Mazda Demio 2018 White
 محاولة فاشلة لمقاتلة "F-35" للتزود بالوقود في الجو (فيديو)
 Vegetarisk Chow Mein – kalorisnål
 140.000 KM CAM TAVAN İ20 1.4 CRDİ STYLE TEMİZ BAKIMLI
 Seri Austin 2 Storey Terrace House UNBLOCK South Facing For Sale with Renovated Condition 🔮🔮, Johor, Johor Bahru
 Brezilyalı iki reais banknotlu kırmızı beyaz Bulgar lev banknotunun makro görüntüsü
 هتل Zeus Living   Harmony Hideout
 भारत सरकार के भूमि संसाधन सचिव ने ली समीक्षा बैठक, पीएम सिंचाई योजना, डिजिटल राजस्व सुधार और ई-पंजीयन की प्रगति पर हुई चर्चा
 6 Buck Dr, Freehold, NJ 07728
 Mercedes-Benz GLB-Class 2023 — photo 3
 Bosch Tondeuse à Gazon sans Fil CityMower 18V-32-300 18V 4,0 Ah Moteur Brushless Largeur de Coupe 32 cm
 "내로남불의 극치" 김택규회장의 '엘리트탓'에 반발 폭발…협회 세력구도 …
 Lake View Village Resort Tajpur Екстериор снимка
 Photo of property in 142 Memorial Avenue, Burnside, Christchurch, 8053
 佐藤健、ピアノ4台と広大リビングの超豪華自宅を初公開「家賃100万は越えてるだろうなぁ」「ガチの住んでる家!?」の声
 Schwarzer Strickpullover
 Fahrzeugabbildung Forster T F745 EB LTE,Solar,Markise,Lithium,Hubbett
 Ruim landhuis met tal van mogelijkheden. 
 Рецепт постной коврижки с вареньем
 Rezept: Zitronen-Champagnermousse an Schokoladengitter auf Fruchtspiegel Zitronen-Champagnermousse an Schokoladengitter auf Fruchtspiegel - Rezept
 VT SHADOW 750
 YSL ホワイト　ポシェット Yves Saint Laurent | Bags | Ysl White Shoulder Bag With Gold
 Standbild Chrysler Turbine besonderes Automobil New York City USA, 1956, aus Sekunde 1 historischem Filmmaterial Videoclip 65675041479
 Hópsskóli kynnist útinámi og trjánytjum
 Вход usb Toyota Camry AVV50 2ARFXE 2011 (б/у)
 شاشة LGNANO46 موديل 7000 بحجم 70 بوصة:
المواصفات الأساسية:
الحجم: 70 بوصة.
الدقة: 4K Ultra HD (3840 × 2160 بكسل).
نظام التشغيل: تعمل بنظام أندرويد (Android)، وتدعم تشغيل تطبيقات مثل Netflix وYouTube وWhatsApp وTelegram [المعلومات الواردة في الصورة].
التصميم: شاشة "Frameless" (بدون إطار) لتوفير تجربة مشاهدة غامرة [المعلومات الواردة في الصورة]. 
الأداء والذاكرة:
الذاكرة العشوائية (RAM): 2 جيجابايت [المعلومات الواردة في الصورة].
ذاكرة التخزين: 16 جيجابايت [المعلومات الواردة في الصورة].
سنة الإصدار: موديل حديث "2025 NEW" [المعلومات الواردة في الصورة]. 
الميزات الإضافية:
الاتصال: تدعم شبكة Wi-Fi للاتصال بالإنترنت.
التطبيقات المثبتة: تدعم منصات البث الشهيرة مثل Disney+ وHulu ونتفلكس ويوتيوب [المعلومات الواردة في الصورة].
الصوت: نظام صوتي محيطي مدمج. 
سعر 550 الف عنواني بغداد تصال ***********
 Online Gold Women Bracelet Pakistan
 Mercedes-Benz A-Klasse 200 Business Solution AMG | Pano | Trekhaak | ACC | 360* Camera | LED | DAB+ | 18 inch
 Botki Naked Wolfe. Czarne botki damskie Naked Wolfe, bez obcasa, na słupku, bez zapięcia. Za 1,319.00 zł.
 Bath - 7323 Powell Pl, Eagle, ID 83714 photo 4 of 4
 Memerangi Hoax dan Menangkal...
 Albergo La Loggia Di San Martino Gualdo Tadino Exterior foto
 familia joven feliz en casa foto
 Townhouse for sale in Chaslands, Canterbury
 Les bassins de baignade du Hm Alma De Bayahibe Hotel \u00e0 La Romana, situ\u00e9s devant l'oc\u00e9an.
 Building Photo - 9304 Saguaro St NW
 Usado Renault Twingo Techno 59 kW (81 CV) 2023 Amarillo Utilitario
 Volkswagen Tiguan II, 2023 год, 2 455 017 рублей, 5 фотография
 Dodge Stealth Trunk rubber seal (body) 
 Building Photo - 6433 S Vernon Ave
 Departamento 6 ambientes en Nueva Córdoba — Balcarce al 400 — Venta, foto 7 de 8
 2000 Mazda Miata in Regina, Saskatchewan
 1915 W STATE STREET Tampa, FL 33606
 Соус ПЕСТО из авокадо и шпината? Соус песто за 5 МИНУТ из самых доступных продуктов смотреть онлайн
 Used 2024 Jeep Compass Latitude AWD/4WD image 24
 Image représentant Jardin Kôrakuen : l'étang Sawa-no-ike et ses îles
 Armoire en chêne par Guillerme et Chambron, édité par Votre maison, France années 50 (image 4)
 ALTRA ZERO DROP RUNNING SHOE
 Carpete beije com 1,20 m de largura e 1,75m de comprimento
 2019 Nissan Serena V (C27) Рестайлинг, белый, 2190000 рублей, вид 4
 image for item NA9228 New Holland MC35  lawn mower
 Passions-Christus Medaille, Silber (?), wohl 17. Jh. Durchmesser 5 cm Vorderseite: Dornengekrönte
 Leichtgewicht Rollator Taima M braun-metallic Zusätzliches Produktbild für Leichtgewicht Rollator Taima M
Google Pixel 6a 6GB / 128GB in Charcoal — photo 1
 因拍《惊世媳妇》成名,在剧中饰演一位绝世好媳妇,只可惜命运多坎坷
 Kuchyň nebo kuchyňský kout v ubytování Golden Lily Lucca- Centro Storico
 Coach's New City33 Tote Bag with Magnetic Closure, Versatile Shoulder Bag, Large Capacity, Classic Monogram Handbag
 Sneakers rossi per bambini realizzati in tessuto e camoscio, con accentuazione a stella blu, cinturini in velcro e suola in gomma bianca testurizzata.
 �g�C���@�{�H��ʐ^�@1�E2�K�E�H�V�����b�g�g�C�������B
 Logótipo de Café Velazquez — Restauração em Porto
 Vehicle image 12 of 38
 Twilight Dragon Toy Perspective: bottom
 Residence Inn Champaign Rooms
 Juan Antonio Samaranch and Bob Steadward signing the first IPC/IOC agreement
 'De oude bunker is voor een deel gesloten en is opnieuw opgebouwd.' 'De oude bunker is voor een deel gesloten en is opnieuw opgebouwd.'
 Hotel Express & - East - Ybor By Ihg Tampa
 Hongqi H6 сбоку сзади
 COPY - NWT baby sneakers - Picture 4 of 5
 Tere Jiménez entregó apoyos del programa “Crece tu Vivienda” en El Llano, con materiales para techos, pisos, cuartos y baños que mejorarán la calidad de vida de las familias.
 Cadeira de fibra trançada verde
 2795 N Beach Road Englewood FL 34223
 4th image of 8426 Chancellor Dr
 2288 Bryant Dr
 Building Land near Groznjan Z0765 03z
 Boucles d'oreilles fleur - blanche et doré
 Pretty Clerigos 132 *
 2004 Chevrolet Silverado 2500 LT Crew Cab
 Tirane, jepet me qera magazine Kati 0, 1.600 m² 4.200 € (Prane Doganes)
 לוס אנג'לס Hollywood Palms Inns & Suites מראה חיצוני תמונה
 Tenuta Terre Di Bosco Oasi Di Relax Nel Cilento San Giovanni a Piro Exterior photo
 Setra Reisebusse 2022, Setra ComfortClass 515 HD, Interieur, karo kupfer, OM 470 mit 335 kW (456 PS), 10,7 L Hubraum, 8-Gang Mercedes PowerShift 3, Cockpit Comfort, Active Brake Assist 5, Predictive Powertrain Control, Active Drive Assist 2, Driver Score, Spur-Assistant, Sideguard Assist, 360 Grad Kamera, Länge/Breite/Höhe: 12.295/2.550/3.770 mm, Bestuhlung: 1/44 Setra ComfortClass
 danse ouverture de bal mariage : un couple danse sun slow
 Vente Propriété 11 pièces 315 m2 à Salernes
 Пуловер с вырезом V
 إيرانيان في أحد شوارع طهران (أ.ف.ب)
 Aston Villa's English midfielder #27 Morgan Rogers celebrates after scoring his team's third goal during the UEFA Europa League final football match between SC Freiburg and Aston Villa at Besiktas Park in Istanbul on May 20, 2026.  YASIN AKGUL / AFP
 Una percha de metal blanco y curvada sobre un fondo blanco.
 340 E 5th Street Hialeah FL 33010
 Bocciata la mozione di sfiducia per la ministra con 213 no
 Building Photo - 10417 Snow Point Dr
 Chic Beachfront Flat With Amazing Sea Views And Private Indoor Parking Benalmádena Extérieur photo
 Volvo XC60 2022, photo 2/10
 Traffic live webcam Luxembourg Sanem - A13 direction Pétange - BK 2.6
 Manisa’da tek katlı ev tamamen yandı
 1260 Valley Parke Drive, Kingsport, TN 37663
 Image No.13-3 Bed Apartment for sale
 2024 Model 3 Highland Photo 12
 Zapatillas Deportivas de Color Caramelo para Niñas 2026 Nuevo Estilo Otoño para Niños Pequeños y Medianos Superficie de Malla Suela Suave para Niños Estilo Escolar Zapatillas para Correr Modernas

──────────

Work required – Could you return exactly the stretch of the data above that starts at the line with "Photo of property" and ends at the line with "Рецепт постной коврижки с вареньем", both lines included?

Reply to the task –
 Photo of property in 142 Memorial Avenue, Burnside, Christchurch, 8053
 佐藤健、ピアノ4台と広大リビングの超豪華自宅を初公開「家賃100万は越えてるだろうなぁ」「ガチの住んでる家!?」の声
 Schwarzer Strickpullover
 Fahrzeugabbildung Forster T F745 EB LTE,Solar,Markise,Lithium,Hubbett
 Ruim landhuis met tal van mogelijkheden. 
 Рецепт постной коврижки с вареньем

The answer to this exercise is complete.